Shrigley believes it’s “massively important” to encourage people to embrace their creativity. He recently met people who talked about their experiences of being involved in the arts and how it had helped their wellbeing.

“It was in really extraordinary ways,” he said. “Not just in terms of mental health but in terms of people with chronic pain who would get involved in singing or acting and it would really help them. GPs could prescribe participation in arts activities and it would be more beneficial than prescribing medication.
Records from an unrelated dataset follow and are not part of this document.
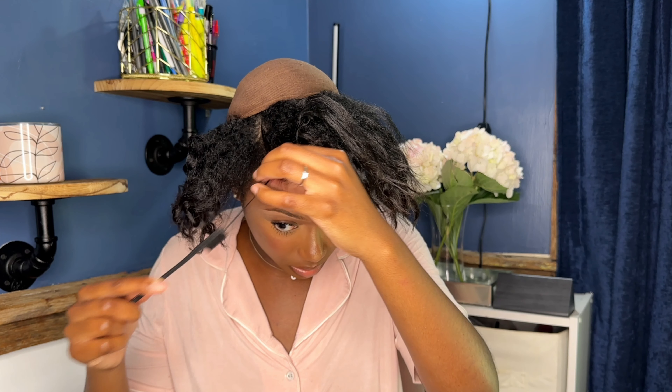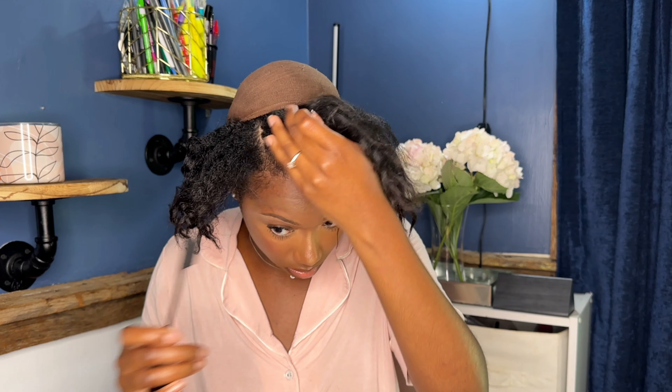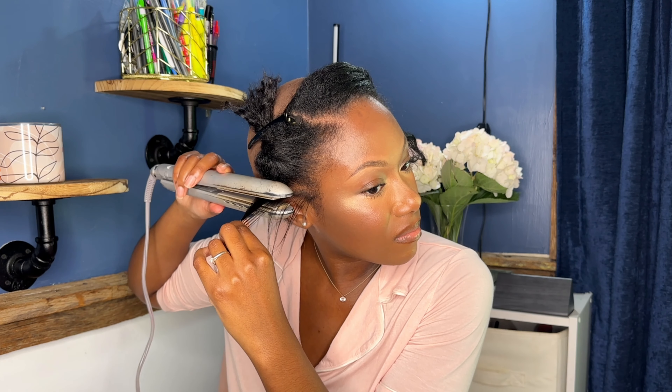Before I put the wig on, I want to make sure that my part on my real hair is on point — it needs to be as straight as possible. I have straightened the rest of my hair and defined my part. When you're wearing the wig as a half wig, that part is important. You definitely want to make sure your part on your natural hair is defined so you can line it up perfectly with the part on your wig. I already have my wig parted, so I'm just going to line up the part on the wig with the part in my hair.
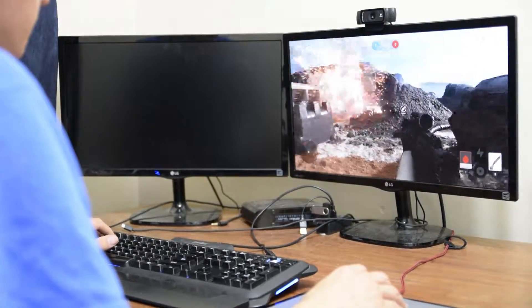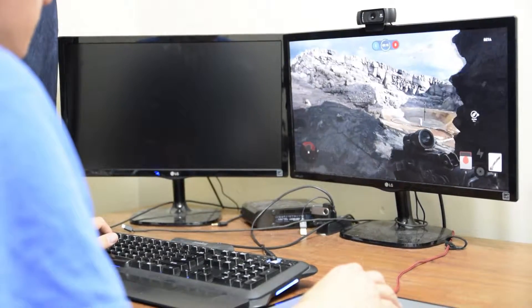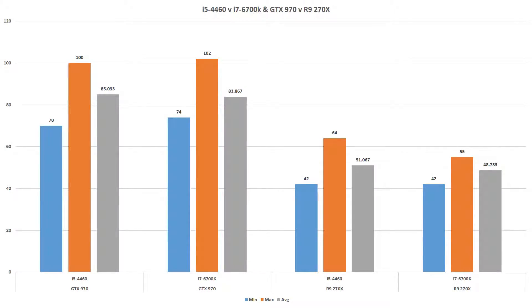These benchmarks were run at 1920x1080 resolution with ultra graphics settings enabled in the game. As you can see based on the graph, when the GTX 970 or the R9 270X were installed, the i5-4460 actually had better average frame rates than the i7-6700K by about two to three frames per second. However, the R9 270X performed about 30 to 40 frames per second worse than the GTX 970 with either processor.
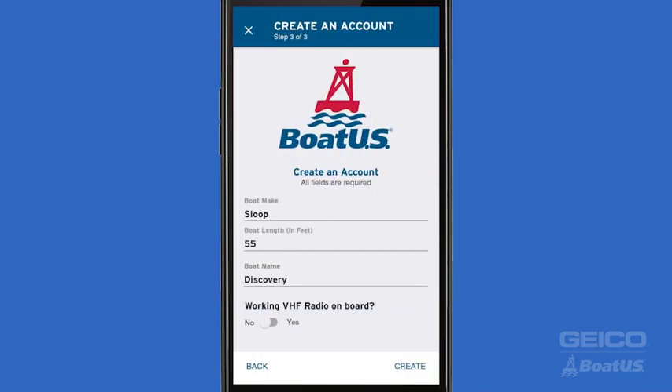Finally, give us a few details about your boat, including the make, length, and the name. If you don't have a boat, 'blank,' 'zero,' and 'nothing' are acceptable. If your boat has a working VHF aboard, go ahead and flip the toggle to Yes.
“I got involved in a community art project in Devon. It’s nice to develop that understanding of the value of art, making it and participating in it, beyond just making a case for funding. It’s actually quite elemental to people, and in extreme cases can save people’s lives just having that connection with their creativity and understanding the value of it.

“When you talk about art education it’s not about a fancy building that’s part of that culture, and being a centre of excellence for education, it’s something more about part of your humanity.

“In terms of our health, we need creativity, whether we’re making or consuming things. You need to exercise, eat the right things, be sociable but you also need some creativity, some space in your world for creative things because that’s healthy, it’ll help you thrive and, if you don’t have them, you’ll wither to some extent.”